WHAT THIS TASK INVOLVES>
Reproduce the records that follow exactly; any picture among them stays out.
╭─ SUPPLIED INFORMATION
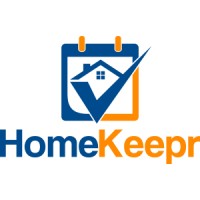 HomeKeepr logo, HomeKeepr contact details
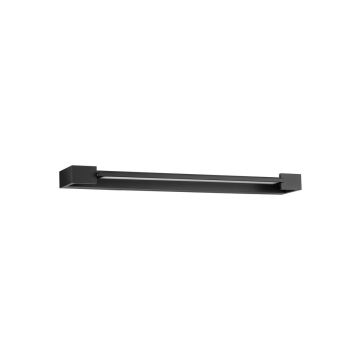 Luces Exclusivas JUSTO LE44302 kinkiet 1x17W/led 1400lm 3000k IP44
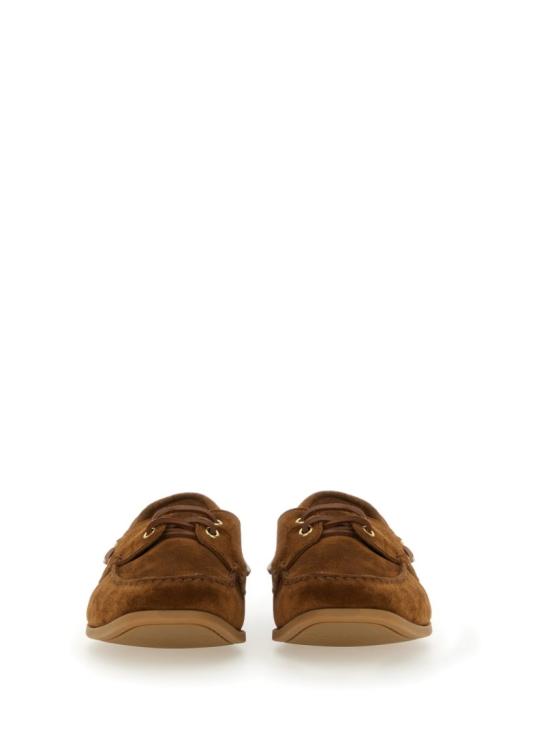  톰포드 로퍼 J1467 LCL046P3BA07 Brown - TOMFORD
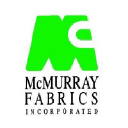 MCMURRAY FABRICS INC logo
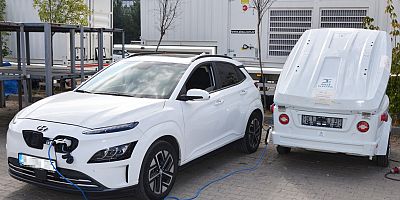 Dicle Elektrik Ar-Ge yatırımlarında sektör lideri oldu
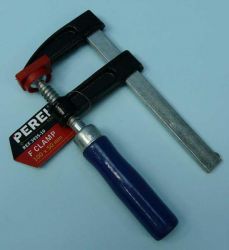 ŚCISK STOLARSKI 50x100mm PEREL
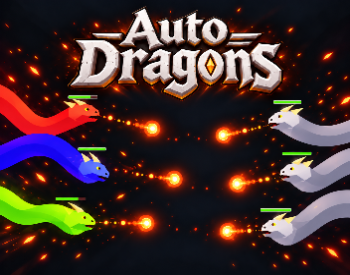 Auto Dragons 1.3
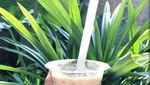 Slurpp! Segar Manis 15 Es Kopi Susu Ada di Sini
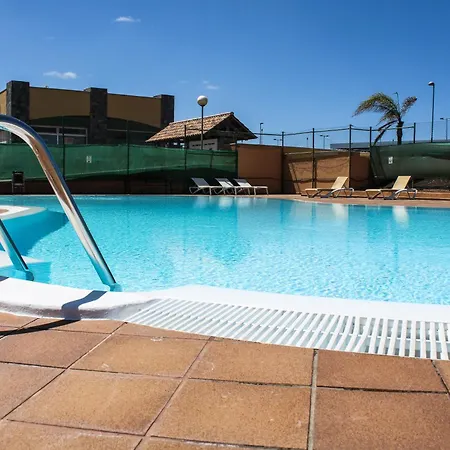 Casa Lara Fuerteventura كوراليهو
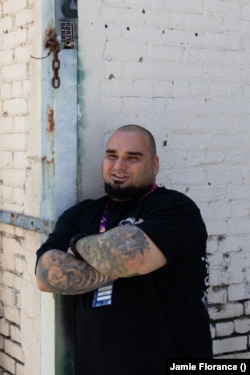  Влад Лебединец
╰─
EXERCISE OUTPUT>
 HomeKeepr logo, HomeKeepr contact details
 Luces Exclusivas JUSTO LE44302 kinkiet 1x17W/led 1400lm 3000k IP44
  톰포드 로퍼 J1467 LCL046P3BA07 Brown - TOMFORD
 MCMURRAY FABRICS INC logo
 Dicle Elektrik Ar-Ge yatırımlarında sektör lideri oldu
 ŚCISK STOLARSKI 50x100mm PEREL
 Auto Dragons 1.3
 Slurpp! Segar Manis 15 Es Kopi Susu Ada di Sini
 Casa Lara Fuerteventura كوراليهو
  Влад Лебединец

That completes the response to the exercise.